2. I doubt if any member of the Bible League ever thought, or said, that the Lord never meant more than he himself or all the members of the League taken together had discovered; or, for that matter, than Dr. Glover, or any other man has discovered, or could discover.

3. Some things seem to be "clear" to Dr. Glover that are not clear to us. For example, what does he mean by "deadly literal"? Is he sure that there is not a non-literal that is much more deadly than a deadly literal? As he has not given any specifications, nor any evidence, 'but merely makes an assertion, let us wait and see what he means. Perhaps, we shall agree with him.

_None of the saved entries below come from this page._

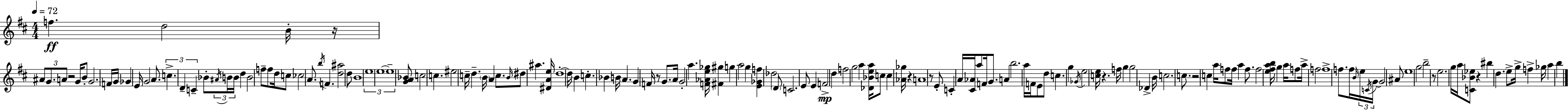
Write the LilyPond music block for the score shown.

{
  \clef treble
  \numericTimeSignature
  \time 4/4
  \key d \major
  \tempo 4 = 72
  \repeat volta 2 { f''4.\ff d''2 b'16-. r16 | \tuplet 3/2 { ais'8 g'8. a'8 } r2 g'16 | b'8-. g'2. f'16 g'16 | ges'4 e'16 g'2 a'8. | \break \tuplet 3/2 { c''4.-> d'4-- c'4-- } bes'8-. | \tuplet 3/2 { \acciaccatura { ais'16 } b'16 b'16 } d''4 b'2 f''8-- | f''8 d''16 c''8 ces''2 a'8. | \acciaccatura { b''16 } f'4. <d'' ais''>2 | \break d''8 b'1 | \tuplet 3/2 { e''1 | e''1~~ | e''1-- } | \break <g' a' bes'>8 c''2 c''4. | eis''2 c''16-- d''4.-- | \parenthesize b'16 a'4 c''8. \grace { b'16 } \parenthesize dis''8 ais''4. | <dis' a' e''>16 d''1-.~~ | \break d''16 b'4 c''4.-. bes'4 | b'16 a'4. g'4 f'16 r8 | g'8. a'16 g'2-. a''4. | <f' aes' e'' ges''>16 <fis' gis''>4 g''4 a''2 | \break g''4 <e' ges' f''>4 des''2 | \parenthesize d'8 c'2. | e'8 e'4 f'2->\mp d''4 | f''2 g''2 | \break a''4 <des' bes' e'' a''>16 c''8 c''4 <aes' ges''>16 r4 | a'1 | r8 e'8-. c'4-. a'16 <cis' aes'>16 a''8 f'16 | g'8. a'4 b''2. | \break a''16 f'16 e'8 d''8 c''4. g''4 | \acciaccatura { ges'16 } e''2 <c'' e''>16 r4. | f''16 g''4 g''2 | des'4-> b'16 c''2. | \break c''8. r2 c''4 | a''16 f''8 f''16 a''4 f''8. f''2 | <e'' fis'' a'' b''>16 g''4 a''16 f''8 a''16-> f''2 | f''1-> | \break f''8. f''16 \grace { b'16 } \tuplet 3/2 { e''16 \acciaccatura { c'16 } g'16~~ } g'2 | ais'8 e''1 | g''2 b''2-- | r8 e''2. | \break g''16 a''16 <c' bes' ees''>8 r4 bis''4 | d''4. e''8-> g''16-> f''4-> ges''16 a''4 | b''4 } \bar "|."
}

4. Who says that Jesus never used the ad hominem argument? It is certainly possible and many consider it probable that in His argument with the Jews about the casting out of demons Jesus used such an argument when He said, "And if I by Beelzebub cast out devils, by whom do your children cast them out?" (Matt. xii. 27, cf. Lk. xi. 19). The question is not whether Jesus ever used an ad hominem, but whether in referring to Jonah and to Ps. cx. etc., he was employing this argument. This is obviously a very different question.

5. What the Lord may have "aimed at" aside from setting aside, as the Lord of the Sabbath Mid of man, the outgrown laws of Moses, given because of the hardness of Israel's heart, I do not 'know—nor does Dr. Glover, nor any other man. What is clear, however, is, that Jesus recognizes the verbal accuracy and the authority of the Biblical texts bearing upon the Sabbath and divorce; and, then, as the Lord of both Sabbath and of man, He makes known a higher and better law.

6. As to the doctrine of kenosis, I am not prepared to say that the God-man must have maintained His omniscience; but I am ready to maintain that as far as any one today knows, every reference that He made to the Old Testament is true. In former days, many good Christian men, who truly loved the Lord and relied humbly on His grace, believed in this doctrine; largely because they thought that the sayings of Jesus with regard to the Old Testament were not true in fact. Judging by the analogy of the Greek and Roman histories, they argued that the early history of the Old Testament consisted largely of myths and legends; and having given up their faith in its historic trustworthiness, and recognizing that Jesus believed in its trustworthiness, they preserved their faith in Him by taking refuge in kenosis. But today we know that the history of Israel, unlike that of Greece and Rome, is confirmed by a mass of evidence, which rules out all the old-time mythical theories as to its origin. Wherever the Old Testament records can be thoroughly tested, they have stood the test. As to writing, language, forms of literature, law, history and religion, it stands approved by the evidence of contemporaneous documents of unquestioned veracity and relativity. Its statements must be accepted on their face value unless it can be shown by evidence from outside that they are false.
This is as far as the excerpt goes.